Army vet here! This is GREAT for a couple of reasons:
1. Moving around made building a career an impossibility for my brilliant wife, because military bases are typically situated a ways away from major economic zones.
2. This will improve retention because there is a lot of pressure on the (relatively underpaid) service member to make ends meet, especially when the best your spouse can do is like, become a realtor.

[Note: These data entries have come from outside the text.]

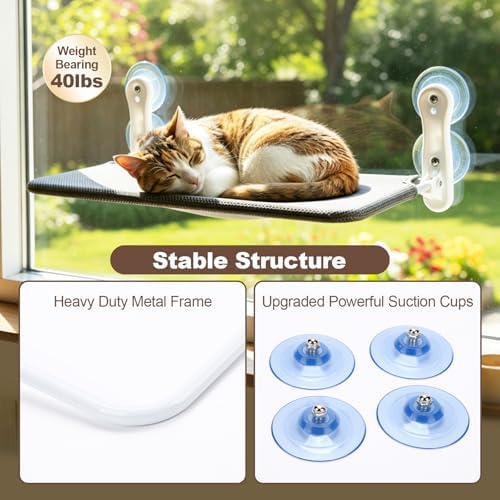Renter Friendly Cat Shelves, Cat Window Perch Hammock Bed - Image 4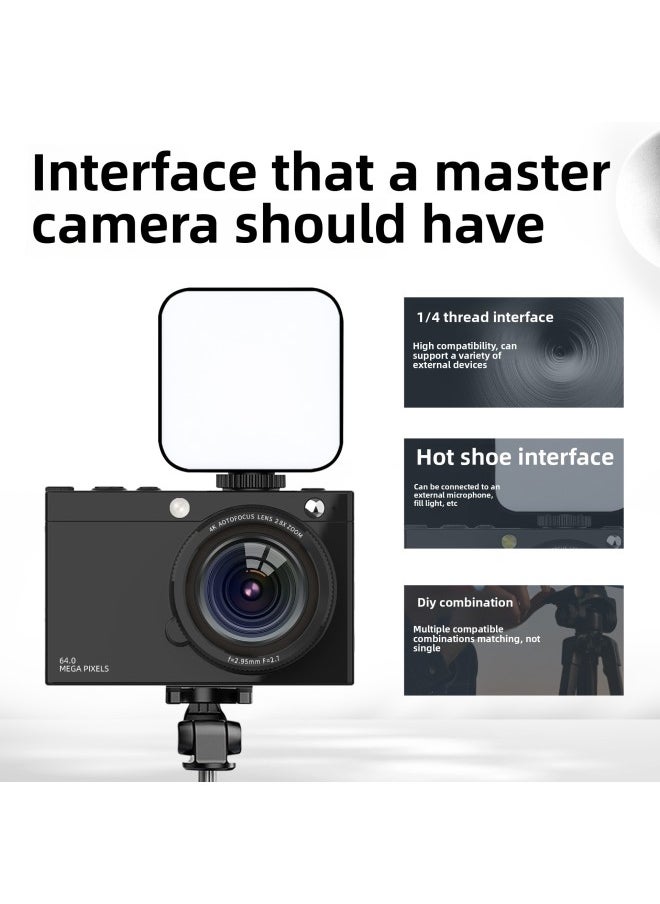 Generic D7 HD Ccd Digital Camera Beauty Selfie Retro 64 Million WiFi Camera Video Student Card Machine-Body Color:D7 White Microphone Fill Light Earphone Cable  - Image 4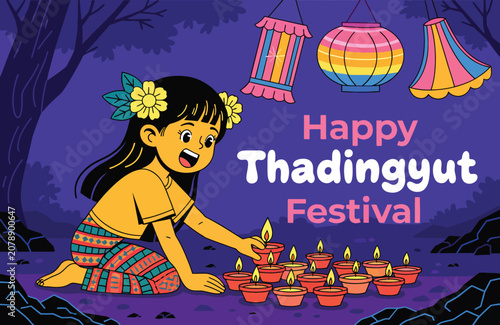 Happy Thadingyut Festival cartoon illustration with a girl holding glowing oil lamps under decorative lanterns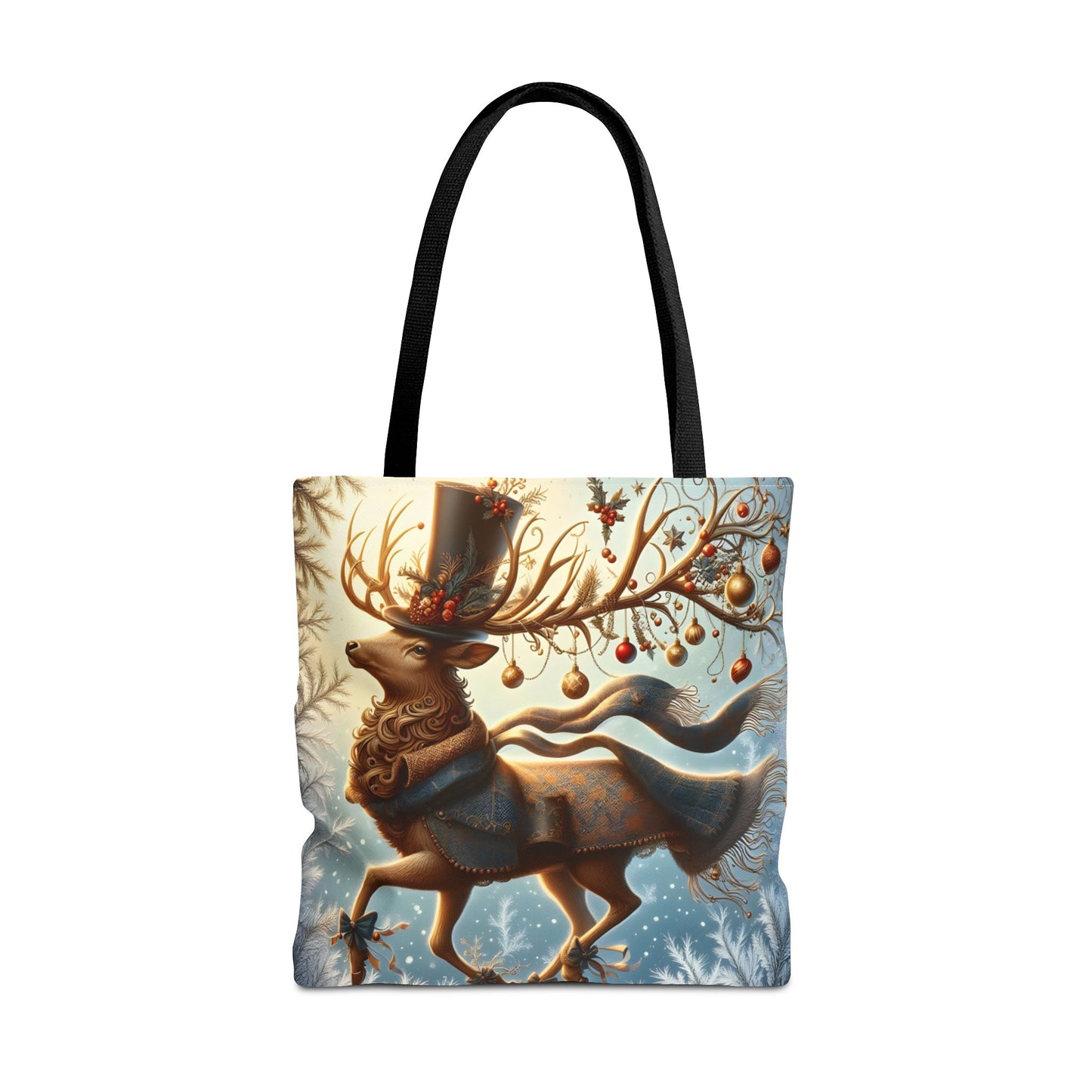 Whimsical Reindeer Christmas Tote Bag, Elegant Holiday Deer Art Tote, Winter Gift Bag, Festive Seasonal Tote for Women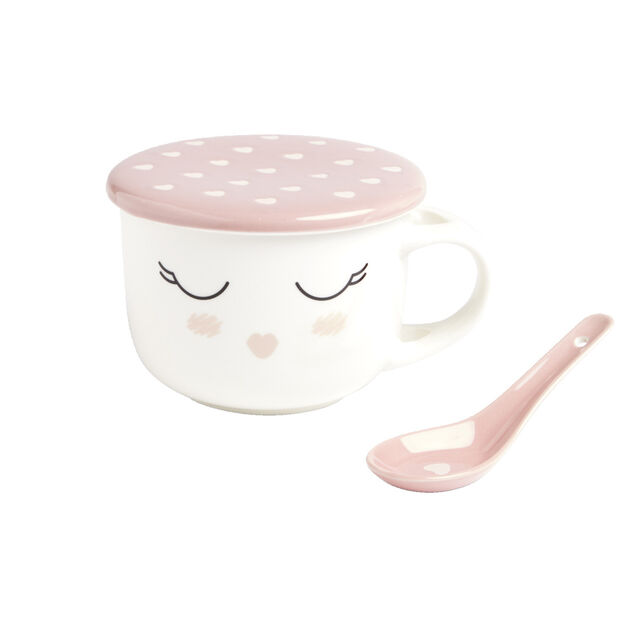 Bol jumbo 62cl avec cuill&egrave;re et couvercle blush girly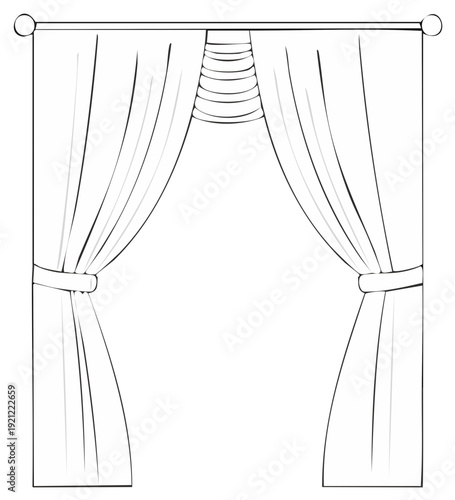 Line art illustration of elegant window curtains tied back with a decorative valance
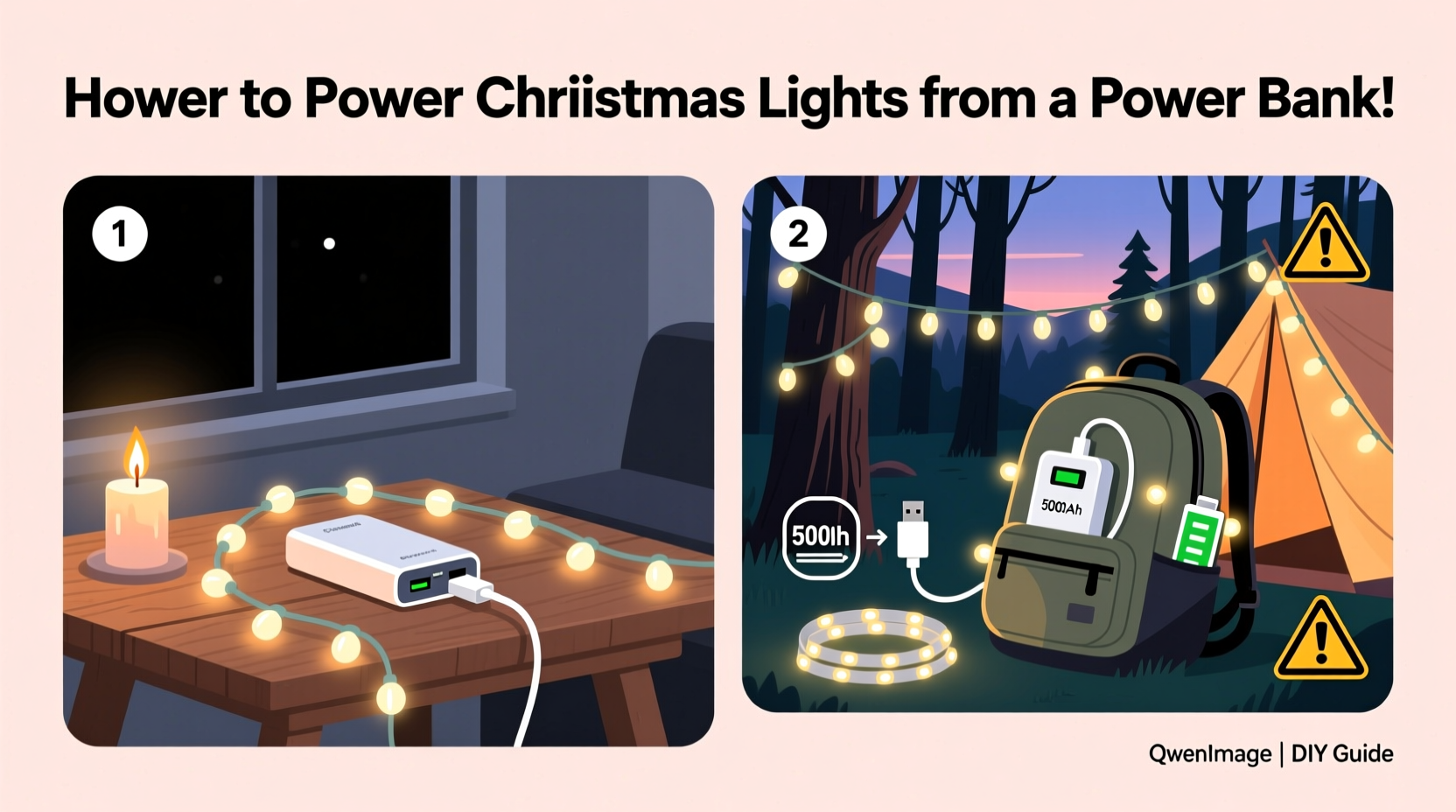 how to power christmas lights from a power bank during blackouts or camping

3. Great for employers. IMO (and you can fight me on this one) military families embrace duty, leadership, and hard work. If you can hire a vet or their spouse, you're going to get more out of them.
4. Great for military bases/areas which are typically economically depressed.
5. Great for family life. When I was in I was deployed for almost half of our marriage. That was really tough on my wife with nothing to do. A lot of spouses can't handle that, get into trouble, put undue pressure on the marriage, etc. For those of you who've ever been in an FRG you know what I'm talking about ;)
The national guard requires less intense long term commitment and let's you pick your school. It may not cover everything(you still qualify for parts of the GI bill)[0] but a couple weekends a month is generally much easier for most to agree with.
My dad, career Air Force, was once given the job of coaching the privates on the Air Force base. It seems that about 50% of them were unable to pay their bills, which caused friction between the base commander and the local merchants.
The privates were all paid the same, every two weeks.
Half were able to pay their bills and did well. The other half would spend their paychecks as fast as possible, and would run out of money after 1 week. The 2nd week was spent begging, borrowing, and in general being a deadbeat.
My dad would sit down with them, go over their spending, and prepare budgets for them. Literally none of them were able to adhere to those budgets.
I'm in the national guard, and have numerous friends who joined the military right out of high school and been able to make a great living. Serve 20+ and get a pension, healthcare, and you're set--something few jobs in the private sector even offer. Sure you wont be making millions of bucks, but you have a nice steady income.
My daughter is going into the Air Force, getting her degree at night for nothing in 2.5 years, going back in as an officer, effectively doubling her income all the while not paying for food, lodging, medical/dental. She plans on doing 20. She'll likely marry an Air Force officer, and two people retiring at 39/40 YO will have a combined retirement of just under 100k (today's money), all the while not wasting precious money on medical/dental. She'll be young enough to have a second career in her chosen field and if the legislators don't screw up SS, she'll have three retirement incomes.